Go to the line below containing "The little girl" and print exactly from there through the line containing "Irene Bettinger, grandson", both included. Print nothing else.

Scraped caption text data:
........

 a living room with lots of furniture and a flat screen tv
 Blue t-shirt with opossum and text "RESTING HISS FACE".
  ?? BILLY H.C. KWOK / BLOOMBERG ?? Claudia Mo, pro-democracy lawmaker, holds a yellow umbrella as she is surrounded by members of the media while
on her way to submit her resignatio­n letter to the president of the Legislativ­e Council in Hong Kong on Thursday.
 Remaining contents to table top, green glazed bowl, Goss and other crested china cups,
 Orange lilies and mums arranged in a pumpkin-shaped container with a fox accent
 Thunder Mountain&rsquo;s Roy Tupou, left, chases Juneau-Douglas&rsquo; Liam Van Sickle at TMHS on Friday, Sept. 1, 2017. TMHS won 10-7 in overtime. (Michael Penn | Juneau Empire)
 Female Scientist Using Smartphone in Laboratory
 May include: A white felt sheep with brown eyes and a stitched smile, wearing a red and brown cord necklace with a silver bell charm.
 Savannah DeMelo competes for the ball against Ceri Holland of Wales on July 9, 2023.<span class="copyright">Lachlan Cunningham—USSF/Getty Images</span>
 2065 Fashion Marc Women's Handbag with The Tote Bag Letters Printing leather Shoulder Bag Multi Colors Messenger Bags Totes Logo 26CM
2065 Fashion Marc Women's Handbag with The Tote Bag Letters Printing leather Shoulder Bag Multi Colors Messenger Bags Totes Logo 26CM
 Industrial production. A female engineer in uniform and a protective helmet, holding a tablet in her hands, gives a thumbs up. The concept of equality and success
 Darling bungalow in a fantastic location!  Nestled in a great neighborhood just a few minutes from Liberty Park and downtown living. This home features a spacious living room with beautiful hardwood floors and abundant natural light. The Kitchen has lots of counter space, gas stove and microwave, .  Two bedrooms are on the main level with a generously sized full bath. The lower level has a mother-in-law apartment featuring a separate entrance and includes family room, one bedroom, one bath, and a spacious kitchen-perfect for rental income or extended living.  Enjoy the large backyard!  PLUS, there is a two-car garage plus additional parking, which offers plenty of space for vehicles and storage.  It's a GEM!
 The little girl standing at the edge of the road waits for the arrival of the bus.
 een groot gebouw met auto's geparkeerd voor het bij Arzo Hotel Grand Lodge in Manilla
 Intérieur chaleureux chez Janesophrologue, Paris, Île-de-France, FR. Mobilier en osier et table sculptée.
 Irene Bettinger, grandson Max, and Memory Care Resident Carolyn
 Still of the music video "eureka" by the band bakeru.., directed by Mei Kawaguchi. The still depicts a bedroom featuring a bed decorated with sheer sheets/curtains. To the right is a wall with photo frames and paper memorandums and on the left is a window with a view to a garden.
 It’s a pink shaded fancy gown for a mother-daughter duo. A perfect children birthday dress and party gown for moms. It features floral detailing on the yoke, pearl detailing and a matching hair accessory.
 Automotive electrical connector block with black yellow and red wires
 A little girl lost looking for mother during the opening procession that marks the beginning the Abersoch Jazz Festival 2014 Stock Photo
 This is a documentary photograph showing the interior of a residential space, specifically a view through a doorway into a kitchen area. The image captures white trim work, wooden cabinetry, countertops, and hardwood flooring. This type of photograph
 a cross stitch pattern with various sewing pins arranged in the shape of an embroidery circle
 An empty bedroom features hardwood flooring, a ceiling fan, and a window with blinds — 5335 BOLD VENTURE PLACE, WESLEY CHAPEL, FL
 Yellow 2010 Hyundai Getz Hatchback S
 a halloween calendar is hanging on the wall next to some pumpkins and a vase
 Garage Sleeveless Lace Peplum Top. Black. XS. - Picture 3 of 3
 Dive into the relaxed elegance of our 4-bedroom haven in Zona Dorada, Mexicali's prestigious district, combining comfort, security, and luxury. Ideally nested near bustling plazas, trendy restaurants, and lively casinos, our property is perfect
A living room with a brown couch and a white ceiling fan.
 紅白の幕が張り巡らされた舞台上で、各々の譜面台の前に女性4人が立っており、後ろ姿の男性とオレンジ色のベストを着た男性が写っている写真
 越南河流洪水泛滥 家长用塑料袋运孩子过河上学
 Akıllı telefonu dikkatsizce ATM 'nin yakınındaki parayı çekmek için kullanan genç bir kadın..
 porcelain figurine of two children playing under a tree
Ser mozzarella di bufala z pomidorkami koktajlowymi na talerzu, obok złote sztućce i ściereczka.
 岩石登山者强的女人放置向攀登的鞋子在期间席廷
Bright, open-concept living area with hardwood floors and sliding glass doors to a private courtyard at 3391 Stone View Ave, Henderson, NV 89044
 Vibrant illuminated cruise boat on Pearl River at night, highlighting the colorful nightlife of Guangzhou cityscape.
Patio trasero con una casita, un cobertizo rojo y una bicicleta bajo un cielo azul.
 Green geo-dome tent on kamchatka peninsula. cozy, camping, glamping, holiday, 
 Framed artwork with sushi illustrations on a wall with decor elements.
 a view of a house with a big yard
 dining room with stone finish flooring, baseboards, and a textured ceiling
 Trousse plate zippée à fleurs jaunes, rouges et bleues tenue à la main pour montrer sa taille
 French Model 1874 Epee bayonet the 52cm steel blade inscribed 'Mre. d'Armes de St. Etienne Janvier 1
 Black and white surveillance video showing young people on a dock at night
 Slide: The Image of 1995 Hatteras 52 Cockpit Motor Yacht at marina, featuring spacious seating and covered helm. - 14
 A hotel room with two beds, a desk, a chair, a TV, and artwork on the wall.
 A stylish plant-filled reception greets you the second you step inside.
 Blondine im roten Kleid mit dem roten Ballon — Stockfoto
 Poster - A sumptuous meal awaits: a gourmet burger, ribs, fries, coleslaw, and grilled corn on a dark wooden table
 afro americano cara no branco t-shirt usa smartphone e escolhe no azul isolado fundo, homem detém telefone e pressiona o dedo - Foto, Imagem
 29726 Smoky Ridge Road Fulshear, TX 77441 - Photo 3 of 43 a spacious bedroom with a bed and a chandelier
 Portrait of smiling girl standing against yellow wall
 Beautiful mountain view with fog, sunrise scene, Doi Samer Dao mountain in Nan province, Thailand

........

**ANSWER TO THIS EXERCISE:**
 The little girl standing at the edge of the road waits for the arrival of the bus.
 een groot gebouw met auto's geparkeerd voor het bij Arzo Hotel Grand Lodge in Manilla
 Intérieur chaleureux chez Janesophrologue, Paris, Île-de-France, FR. Mobilier en osier et table sculptée.
 Irene Bettinger, grandson Max, and Memory Care Resident Carolyn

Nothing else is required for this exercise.